Here, monumentality is played out through the making of intimate spaces to read it against – a harbouring thing. Scale is proffered not as a dominating thing, but an ennobling one. In remaking the typology of the cloister, Grafton is chasing a gift for the community of economists who commissioned the work – the possibility of a sense of collective endeavour, and an awareness of the social structures that sustain knowledge, based on the individual and chance encounter as much as any formal systems.

Talking with Farrell and McNamara is to be continually reminded of their clear-sighted understanding of the discipline’s essential task, its inherent humanism. “Architecture has a responsibility to place”, says Farrell.
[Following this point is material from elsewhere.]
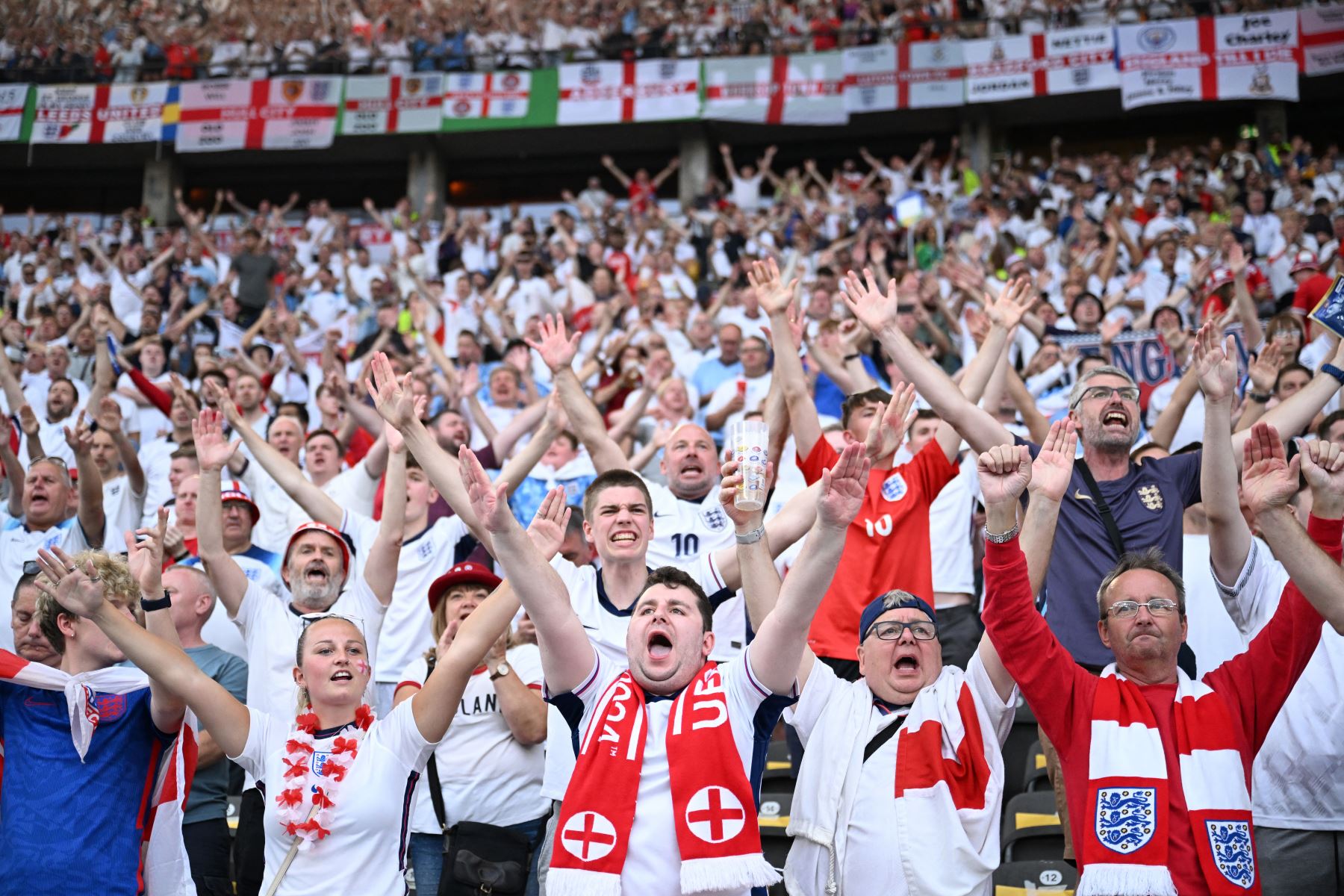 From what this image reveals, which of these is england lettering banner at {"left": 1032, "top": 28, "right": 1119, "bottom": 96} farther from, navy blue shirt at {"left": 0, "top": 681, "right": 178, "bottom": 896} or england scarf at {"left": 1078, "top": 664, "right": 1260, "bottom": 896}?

This building, above all else, is full of Toulouse – from the brickwork, the modelled facades, and the way you penetrate deep in external spaces before entering, to its garrulous sophistication of form and structure.

Farrell and McNamara are our current Pritzker laureates, and yet it is curious that their reputations have not been built on any of the customary platforms of architectural celebrity – no monographs, or issues of El Croquis. Their reputation was built through the buildings and exhibitions they have made.

This building is is dizzyingly skilful – spatially inventive and unabashedly ambitious about the value of architecture. At the same time it is curious and attentive to its site, both in its physical constituency and its social curtilage. It defies easy description, and gives the lie to so many reductive readings of architecture in its ability to be both brave and nuanced, heroic and human.

Ampetheatre

Ultimately I am most impressed by its ability to transcend itself, to employ multiple organisational strategies to deal with a complex brief and to make it all seem almost effortless.

Bigness, in Grafton’s hands at least, does not involve a retreat from the skills and duties of the discipline, but affords a space for their radical reaffirmation.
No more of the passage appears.